What to do:
Could you set down the listing below exactly, leaving out its pictures?

Provided information:

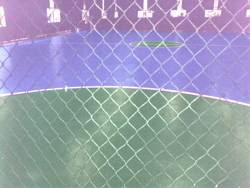 Blue and Green Futsal Rubberized floor using black SBR rubberchips and Polyurethane coating
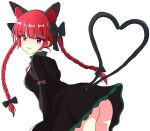  1girl :3 absurdres animal_ears ass bent_over black_bow black_dress blunt_bangs bow braid breasts cat_ears cat_girl closed_mouth commentary_request dress extra_ears hair_bow heart heart_tail highres kaenbyou_rin long_hair looking_at_viewer multiple_tails nekomata no_panties ptn red_hair side_braids simple_background solo tail touhou twin_braids two_tails variant_set white_background 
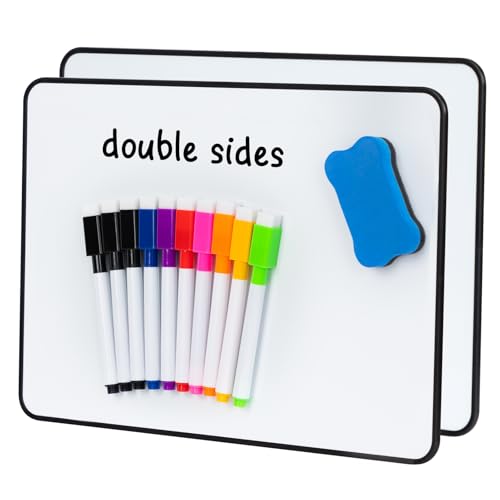DOEWORKS Pizarra Magnética 30 x 21 cm, Pequeña Pizarras Blancas de Doble Cara, Pizarra Blanca Portátil para Hogar Escuela Oficina, Negra 2 Piezas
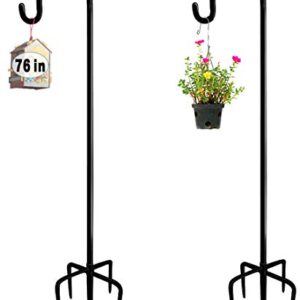 Artigarden 76 inch Outdoor Shepherd Hook with 5 Prong Base (2 Packs), Adjustable Heavy Duty Garden Hanging Stake for Bird Feeder Solar Light Plant Hanger Wedding Decor, Matte Black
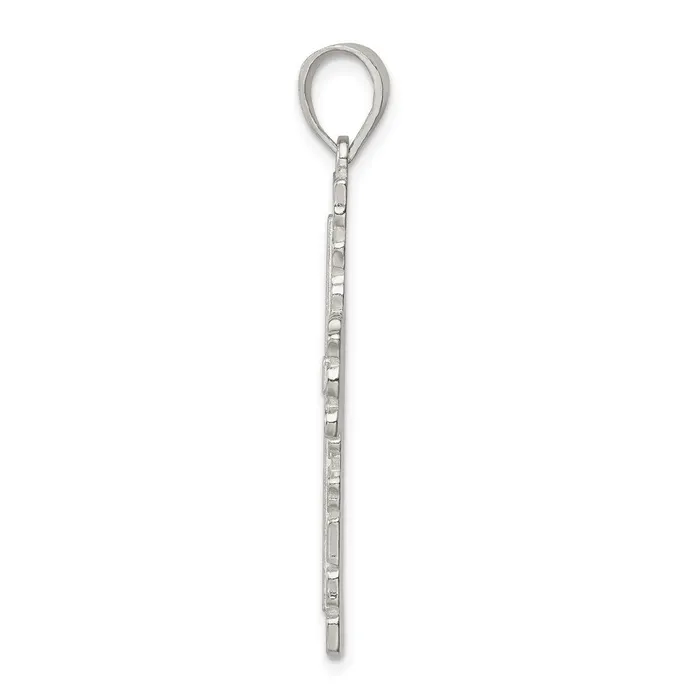 TreasureFineJewelers Necklaces Sterling Silver Polished Outlined Cross Pendant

Written solution:
 Blue and Green Futsal Rubberized floor using black SBR rubberchips and Polyurethane coating
  1girl :3 absurdres animal_ears ass bent_over black_bow black_dress blunt_bangs bow braid breasts cat_ears cat_girl closed_mouth commentary_request dress extra_ears hair_bow heart heart_tail highres kaenbyou_rin long_hair looking_at_viewer multiple_tails nekomata no_panties ptn red_hair side_braids simple_background solo tail touhou twin_braids two_tails variant_set white_background 
DOEWORKS Pizarra Magnética 30 x 21 cm, Pequeña Pizarras Blancas de Doble Cara, Pizarra Blanca Portátil para Hogar Escuela Oficina, Negra 2 Piezas
 Artigarden 76 inch Outdoor Shepherd Hook with 5 Prong Base (2 Packs), Adjustable Heavy Duty Garden Hanging Stake for Bird Feeder Solar Light Plant Hanger Wedding Decor, Matte Black
 TreasureFineJewelers Necklaces Sterling Silver Polished Outlined Cross Pendant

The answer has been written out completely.